If you want to jump through hoops it may be possible to use nvstd::function in device code with lambdas. As already indicated, some utilization of templating will be necessary, probably.
I experimented a little and found what I suggested to be feasible, aka passing arbitrary functors into kernels through template parameters, but then forwarding the functor to another, separately compiled device function through a nvstd::function parameter. This is shown below.

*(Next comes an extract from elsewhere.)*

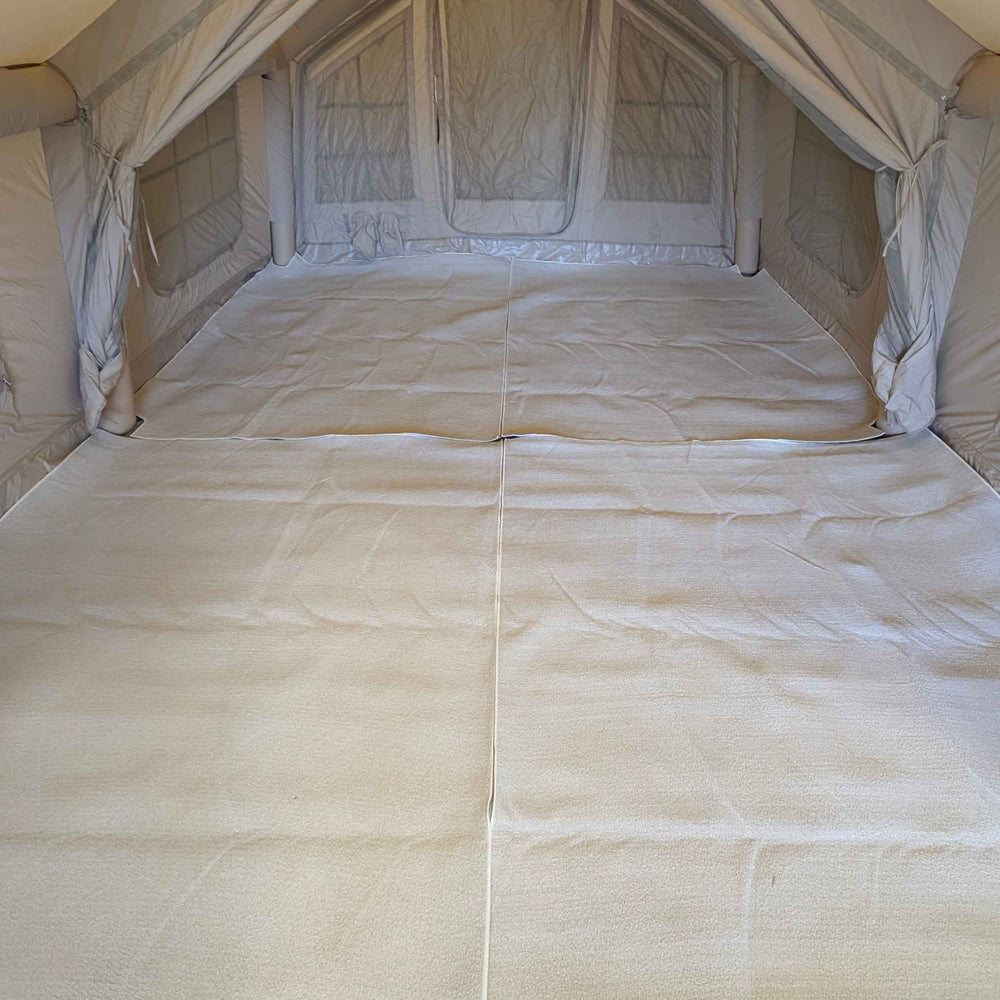 RBM Coody Carpet – Tailored for Coody Familia AirTent 17.2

// This could be separately compiled into a static library
__device__ float ClampedBinaryOp(nvstd::function<float(float, float)> func,
float lhs, float rhs, float lb, float ub) {
return min(max(func(lhs, rhs), lb), ub);
}
// This would live in a header
template <class OP>
__global__ void Kernel(OP op, size_t len, float const* lhs, float const* rhs,
float lb, float ub, float* result) {
if (auto tid = blockDim.x * blockIdx.x + threadIdx.x; tid < len) {
result[tid] = ClampedBinaryOp(op, lhs[tid], rhs[tid], lb, ub);
}
}
This appears to satisfy my intention to do type erasure as soon as possible past a templated interface, just like how the renowned fmt library lets the generic fmt::format call down to the compiled fmt::vformat for heavy lifting. Please let me know if my approach is incorrect or inefficient.
Thank you @Robert_Crovella, your StackOverflow post answered several questions I have about nvstd::function, so can I conclude that:
nvstd::function or references to which cannot be used in the parameter type of a __global__ function,
Pointers to nvstd::function, allocated on device, can be used in the parameter type of a __global__ function,
(tricky part) The pointee nvstd::function must be assigned a target inside a kernel — no cudaMemcpy\w* function can do the same thing?